Twilight Empress tells the little-known story of a remarkable woman—Galla Placidia, sister to one of the last Roman Emperors. Roman princess, Gothic captive and queen—Placidia does the unthinkable—she rules the failing Western Roman Empire—a life of ambition, power and intrigue she doesn’t seek, but can’t refuse. Her actions shape the face of Western Europe for centuries. A woman as well as an Empress, Placidia suffers love, loss, and betrayal. Can her strength, tenacity and ambition help her survive and triumph over scheming generals, rebellious children, and Attila the Hun? Or will the Dark Ages creep closer and bring down the Empire?
In my non-book reading, reviewing, and blogging life, I am a trained Art Historian who has been teaching Art History for nigh on twenty years. For most of these years, I have taught a wonderfully preserved and beautifully decorated site in Ravenna, Italy known as the Mausoleum of Galla Placidia. Though there is little remaining, historically speaking, about her life, what we do know as fact is terribly fascinating and indicative of a woman far, far ahead of her time and place.
I knew going into Twilight Empress there would be a greater emphasis on the fiction part of historical fiction. This is often a very tricky thing for an author when there is so little to be relied upon from the historical record and if it isn’t dealt with in just the right way, the book becomes an absolute disaster. From the first chapter I knew I had something special: Justice has taken what little there is, historically, and woven those precious few facts into a compelling story about a woman bound and determined to protect her rightful place in the world and ensure the places of her children.
As with so many women of the period, and particularly royal women, Galla Placidia was seen as a pawn, a piece to be placed in the game of thrones. As a member of the royal family of the failing Roman Empire, Galla Placidia faced great adversity and was used by her family to their advantage rather than her own. However, Galla Placidia refused to be anyone’s pawn and with her strength, capabilities, education, and connections, she was often able to turn incredibly difficult situations into something good or, at the very least, tolerable.
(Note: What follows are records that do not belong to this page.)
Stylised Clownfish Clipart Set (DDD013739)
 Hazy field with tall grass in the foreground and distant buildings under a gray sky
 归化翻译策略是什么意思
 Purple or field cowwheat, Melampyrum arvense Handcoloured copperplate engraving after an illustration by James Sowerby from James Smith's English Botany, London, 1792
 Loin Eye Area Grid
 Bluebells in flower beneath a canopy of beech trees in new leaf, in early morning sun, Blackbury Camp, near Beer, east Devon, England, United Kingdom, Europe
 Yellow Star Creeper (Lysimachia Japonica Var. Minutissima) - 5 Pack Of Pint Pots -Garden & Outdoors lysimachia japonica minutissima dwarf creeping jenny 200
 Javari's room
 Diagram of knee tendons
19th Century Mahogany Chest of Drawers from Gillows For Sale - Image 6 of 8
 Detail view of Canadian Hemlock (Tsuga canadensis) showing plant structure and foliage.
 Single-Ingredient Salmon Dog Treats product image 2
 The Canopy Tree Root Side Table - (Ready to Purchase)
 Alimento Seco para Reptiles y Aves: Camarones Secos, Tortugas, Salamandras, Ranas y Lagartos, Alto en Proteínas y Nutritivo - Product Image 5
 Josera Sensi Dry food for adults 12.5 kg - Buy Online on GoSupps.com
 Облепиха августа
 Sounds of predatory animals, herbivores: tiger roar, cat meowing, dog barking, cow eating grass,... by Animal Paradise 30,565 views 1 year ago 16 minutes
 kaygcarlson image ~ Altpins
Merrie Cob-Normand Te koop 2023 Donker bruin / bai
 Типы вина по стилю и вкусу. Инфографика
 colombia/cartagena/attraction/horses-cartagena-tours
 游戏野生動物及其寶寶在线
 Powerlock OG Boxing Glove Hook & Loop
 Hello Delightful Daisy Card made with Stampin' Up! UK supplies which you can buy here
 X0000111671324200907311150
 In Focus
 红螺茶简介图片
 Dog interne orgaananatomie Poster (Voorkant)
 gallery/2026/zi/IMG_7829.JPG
Case in point: her first marriage was to her captor and her second to a man she was never able to love. The first marriage brought Galla Placidia the title of Queen and the respect of many among the barbarian hordes, the second marriage brought her two children, an elevated royal title among her own family, and the assurances of her son’s right to inherit the throne. To be sure, Galla Placidia knew how to use her intelligence, how to manipulate when necessary, and how to remain loyal and worthy of respect and loyalty in the worst of circumstances.
The Bottom Line: This was my first Faith L. Justice read and it certainly will not be my last. Justice took the story of a woman I have long been interested in and created a world in which she has once again come to life. From her time amongst the Goths to her reign over the western half of the Roman Empire, Galla Placidia led with integrity, loyalty, shrewdness, and cunning. Though I was familiar with her story prior to reading this book, I found myself completely entranced and loving the heavily fictionalized portion of this solid historical fiction. I found every aspect of this book to be well-researched, well-written, and woven together (the history with the fiction) is a most pleasing manner. As if this all weren’t enough, Twilight Empress is just the first of the books in The Theodosian Women series.